Une étude récente a démontré que notre façon de réfléchir change selon la langue dont on se sert.

S’exprimer dans une seconde langue donne en général l’impression que notre comportement change en partie, que l’on se comporte et réagit un tantinet différemment, comme si nous découvrons un nouvel angle de notre propre personnalité. Une étude récente publiée dans le Psychological Science a en effet décrit de façon précise comment la langue influence les individus, se focalisant sur les effets que cette dernière peut avoir sur la manière dont les personnes pensent.

L’étude a été dirigée par sept chercheurs, dont le professeur en linguistiques Panos Athanasopoulos, avant d’être rapportée par Mashable. L’étude a été fondée sur de multiples expériences qui leur ont permis de comparer la façon de percevoir de différents groupes d’individus s’exprimant dans différentes langues. Certains ne parlaient qu’allemand, d’autres seulement anglais et enfin d’autres encore étaient bilingues.

Révéler des contrastes

Dans une des expériences, les individus testés ont regardé des vidéos montrant des personnes en mouvement tel qu’un homme se dirigeant à vélo vers un supermarché ou une femme marchant en direction d’une voiture. Les individus anglais, qui ne pouvaient pas parler dans une seconde langue, quand on leur demandait ce qu’ils avaient vus, répondaient généralement : « un homme faisant du vélo » et « une femme marchant », sans mentionner la finalité de ces actions.

D’un autre côté, les Allemands monolingues eurent plus tendance à voir cela comme « un homme faisant du vélo en direction d’un supermarché » et « une femme marchant vers sa voiture ». Les auteurs de l’étude expliquent alors que la perception des Germanophones est holistique, prenant en compte l’environnement dans lequel l’action prend part. Les Anglophones, à l’inverse, tendent à se focaliser sur l’action elle-même.

Selon ces chercheurs, les différences peuvent être expliquées par les différences grammaticales entre ces deux langues. En somme l’anglais d’un point de vue grammaticale met en exergue les actions qui ont lieu en ajoutant « -ing » à la fin des verbes (comme dans « walking » ou « cycling » pour dire « to ride a bike »), et ainsi insiste sur ces derniers. La langue allemande, en revanche, ne se comporte pas de cette manière.

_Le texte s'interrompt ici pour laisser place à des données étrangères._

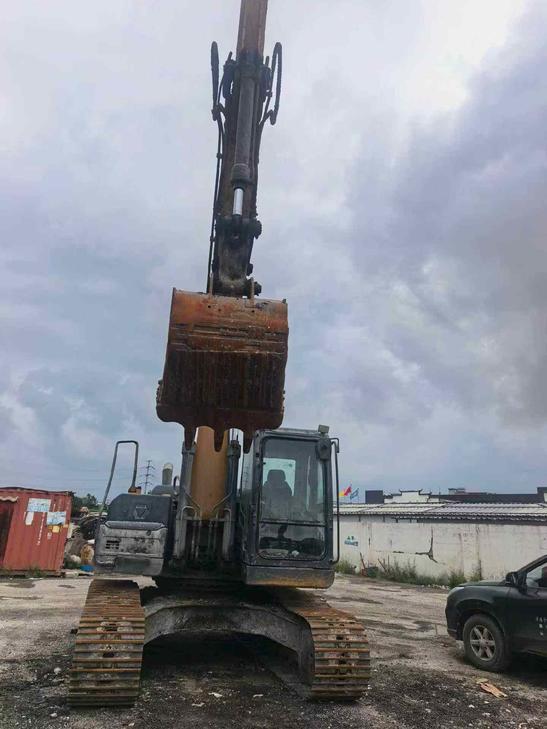 Buy XCMG XE205DA Used Excavator / 1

Les Bilingues : Des systèmes à deux pensées

Une autre expérience du même type a été conduite sur des individus bilingues parlants anglais et allemand. Ils ont eu à regarder le même type de vidéos tout en récitant des séquences de nombres à voix haute. L’effet d’une action de ce genre a été surprenant : En utilisant inconsciemment une de ces deux langues, l’autre langue s’imposa d’elle-même dans l’esprit de l’individu qui réfléchit alors en accord avec cette dernière.

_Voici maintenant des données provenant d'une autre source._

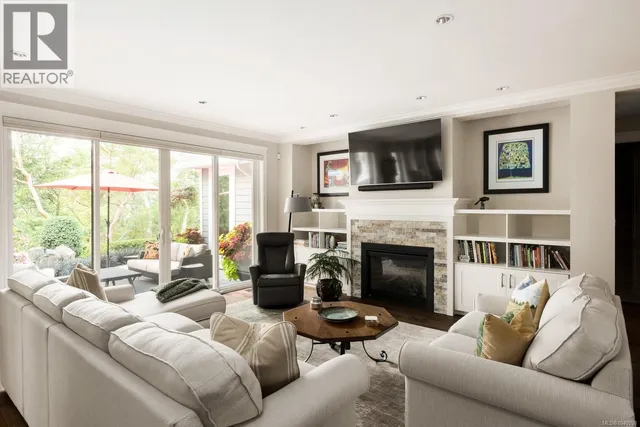 1484 PEBBLE PLACE, Langford 3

En des termes concrets, quand les individus récitent machinalement en anglais, ils pensent en allemand, et dès lors en accord avec les perceptions holistiques de sa grammaire. Il en est de même dans le sens inverse. C’est aussi pourquoi, lorsqu’une séquence de nombre était récitée par un individu d’abord en allemand puis en anglais, un changement dans l’interprétation de la vidéo accompagnait cet inversement.

Enfin, un groupe d’Allemands qui étaient bilingues en anglais a aussi été étudié dans deux situations. La première a été de les amener à parler allemand dans leur propre pays : en tout logique, ils pensèrent de façon holistique. D’un autre côté, quand ils furent amenés au Royaume-Uni, et qu’on leur demanda de parler en anglais, ils révélèrent une façon de penser similaire à celle des Anglophones, se focalisant généralement sur les différentes actions des vidéos en détriment du contexte.

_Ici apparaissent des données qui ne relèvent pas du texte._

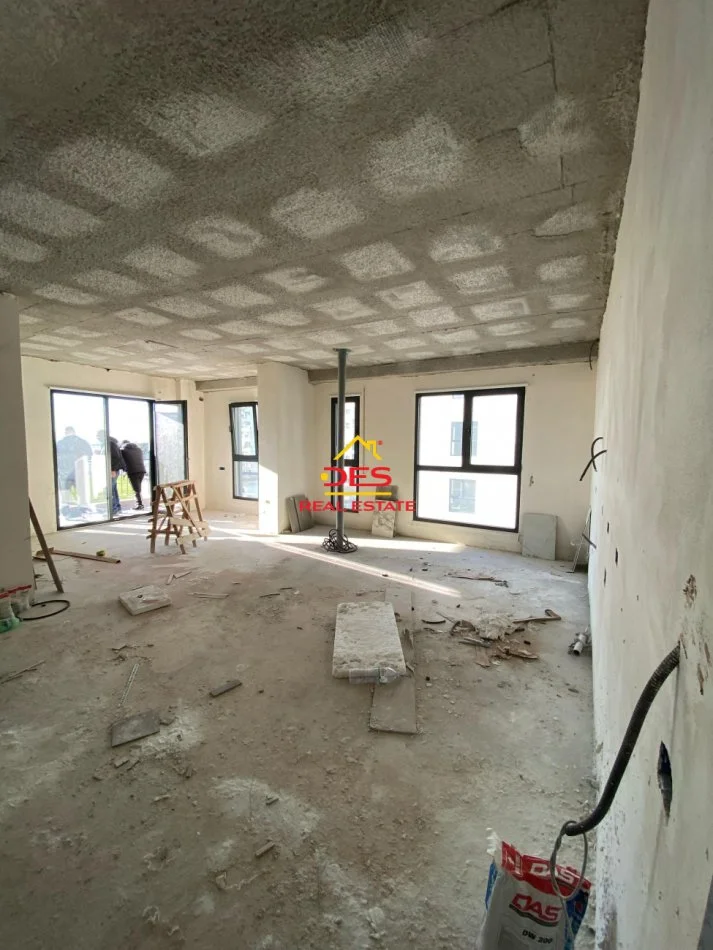 Vlore, shitet apartament 2+1+Ballkon Kati 4, 137 m² 355.000 € (Rruga Murat Tërbaçi)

La manipulation à travers la langue

En démontrant les effets de la langue sur la pensée, cette étude fait échos avec le concept de « Novlangue » développé par George Orwell dans 1984. En effet, il apparait qu’une grande pauvreté de vocabulaire devrait logiquement amener à une restriction de la capacité de réflexion. Nombre de mots conceptuels nous permettent de mieux comprendre le monde qui nous entoure : les supprimer est de ce fait supprimer la pensée critique des individus.

Toutefois, une « novlangue » peut aussi amener les individus à penser de façon formatée. C’était pour cette raison que les Nazis ont reformulé leur propre langue, comme l’a analysé Victor Klemperer dans son livre LTI, Lingua Tertii Imperii, the language of the Third Reich. Il explique, par exemple, qu’ils ont souvent utilisé le préfixe « Volk », qui signifie « Peuple », afin de faire croire à ce dernier qu’ils essayaient de les servir.